The accompanying financial statements have been prepared assuming the Company will continue as a going concern, which contemplates, among other things, the realization of assets and satisfaction of liabilities in the normal course of business.  The Company had an accumulated deficit of $23,712,810 as of September 30, 2020 and $23,675,003 on December 31, 2019; losses of $37,807 and $28,434 for the nine months ended September 30, 2020 and, 2019 respectively. The losses are the result of interest accrued on the settlement agreement plus $5,200 in administrative overhead.
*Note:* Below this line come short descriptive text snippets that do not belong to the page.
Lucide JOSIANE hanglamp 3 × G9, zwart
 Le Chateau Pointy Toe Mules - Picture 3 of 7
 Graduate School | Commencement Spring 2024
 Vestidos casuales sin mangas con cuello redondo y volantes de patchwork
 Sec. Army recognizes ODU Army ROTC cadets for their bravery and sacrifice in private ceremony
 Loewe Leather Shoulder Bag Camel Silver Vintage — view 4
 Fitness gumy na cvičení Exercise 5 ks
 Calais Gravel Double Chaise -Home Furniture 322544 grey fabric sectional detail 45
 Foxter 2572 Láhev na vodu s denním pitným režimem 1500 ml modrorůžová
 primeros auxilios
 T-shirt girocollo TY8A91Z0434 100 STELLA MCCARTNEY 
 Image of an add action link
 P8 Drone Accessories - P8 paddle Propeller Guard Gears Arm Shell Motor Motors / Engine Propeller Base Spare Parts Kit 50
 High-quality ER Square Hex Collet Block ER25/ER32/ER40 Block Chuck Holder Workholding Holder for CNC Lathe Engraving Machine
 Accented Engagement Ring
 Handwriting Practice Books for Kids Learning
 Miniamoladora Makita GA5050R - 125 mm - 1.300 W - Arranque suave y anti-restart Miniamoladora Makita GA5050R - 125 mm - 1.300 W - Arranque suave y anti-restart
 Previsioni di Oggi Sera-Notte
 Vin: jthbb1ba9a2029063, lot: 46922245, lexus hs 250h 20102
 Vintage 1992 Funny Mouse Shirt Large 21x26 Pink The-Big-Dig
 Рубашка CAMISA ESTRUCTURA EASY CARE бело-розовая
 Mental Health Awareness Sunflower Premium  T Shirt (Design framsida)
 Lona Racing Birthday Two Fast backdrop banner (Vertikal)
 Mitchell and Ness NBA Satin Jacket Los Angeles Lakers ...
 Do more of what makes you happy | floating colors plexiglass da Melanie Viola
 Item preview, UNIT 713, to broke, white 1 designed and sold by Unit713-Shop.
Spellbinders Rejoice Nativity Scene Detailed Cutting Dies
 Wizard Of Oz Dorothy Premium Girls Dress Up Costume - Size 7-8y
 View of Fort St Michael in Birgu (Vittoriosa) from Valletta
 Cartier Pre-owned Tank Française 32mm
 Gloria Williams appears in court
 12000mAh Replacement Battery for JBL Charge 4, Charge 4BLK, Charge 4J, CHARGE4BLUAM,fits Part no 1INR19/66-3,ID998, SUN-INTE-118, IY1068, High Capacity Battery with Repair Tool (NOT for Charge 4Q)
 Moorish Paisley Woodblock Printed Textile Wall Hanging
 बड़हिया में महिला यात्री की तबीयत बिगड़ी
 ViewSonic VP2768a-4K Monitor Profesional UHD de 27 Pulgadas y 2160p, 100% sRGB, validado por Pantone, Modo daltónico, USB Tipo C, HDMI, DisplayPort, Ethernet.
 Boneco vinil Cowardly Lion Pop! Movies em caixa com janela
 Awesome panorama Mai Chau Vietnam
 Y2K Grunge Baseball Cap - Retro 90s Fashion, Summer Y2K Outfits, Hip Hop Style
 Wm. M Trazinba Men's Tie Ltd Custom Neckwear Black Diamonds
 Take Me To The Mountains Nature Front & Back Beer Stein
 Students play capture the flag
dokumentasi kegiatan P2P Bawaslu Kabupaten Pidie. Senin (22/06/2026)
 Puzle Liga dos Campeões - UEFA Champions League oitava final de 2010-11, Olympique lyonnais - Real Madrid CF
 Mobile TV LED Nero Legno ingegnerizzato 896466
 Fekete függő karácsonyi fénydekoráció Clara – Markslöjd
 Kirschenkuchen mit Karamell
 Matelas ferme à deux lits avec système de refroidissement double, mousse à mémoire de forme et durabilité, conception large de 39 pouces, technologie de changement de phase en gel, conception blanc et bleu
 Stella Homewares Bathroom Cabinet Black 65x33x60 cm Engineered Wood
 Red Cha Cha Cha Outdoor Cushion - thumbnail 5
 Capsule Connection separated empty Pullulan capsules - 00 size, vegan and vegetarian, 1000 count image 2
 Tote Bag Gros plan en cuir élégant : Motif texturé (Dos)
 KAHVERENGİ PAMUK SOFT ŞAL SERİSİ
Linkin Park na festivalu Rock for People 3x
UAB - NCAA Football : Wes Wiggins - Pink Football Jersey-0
If the Company is unable to obtain additional financing through the issuance of debt or equity, the Company may be unable to continue as a going concern.  While the Company believes in the viability of its strategy to generate additional revenues and in its ability to raise additional funds, there can be no assurances to that effect.  The financial statements do not include any adjustments relating to the recoverability and classification of assets or the amounts and classifications of liabilities that may result should the Company be unable to continue as a going concern. 

 

NOTE 2 – SIGNIFICANT ACCOUNTING POLICIES 

 

This summary of significant accounting policies is presented to assist the reader in understanding and evaluating the Company's financial statements.  These accounting policies conform to generally accepted accounting principles and have been consistently applied in the preparation of the financial statements. 

 

Use of Estimates 

 

The preparation of the financial statements in conformity with U.S. generally accepted accounting principles requires management to make estimates and assumptions that affect the reported amounts of assets and liabilities and disclosure of contingent assets and liabilities at the date of the financial statements and the reported amounts of revenue and expenses during the reporting period.  Actual results could differ from those estimates.  The more significant estimates and assumptions made by management include allowance for doubtful accounts, inventory valuation, and provision for excess or expired inventory, depreciation of property and equipment, realization of long-lived assets and fair market value of equity instruments issued for goods or services.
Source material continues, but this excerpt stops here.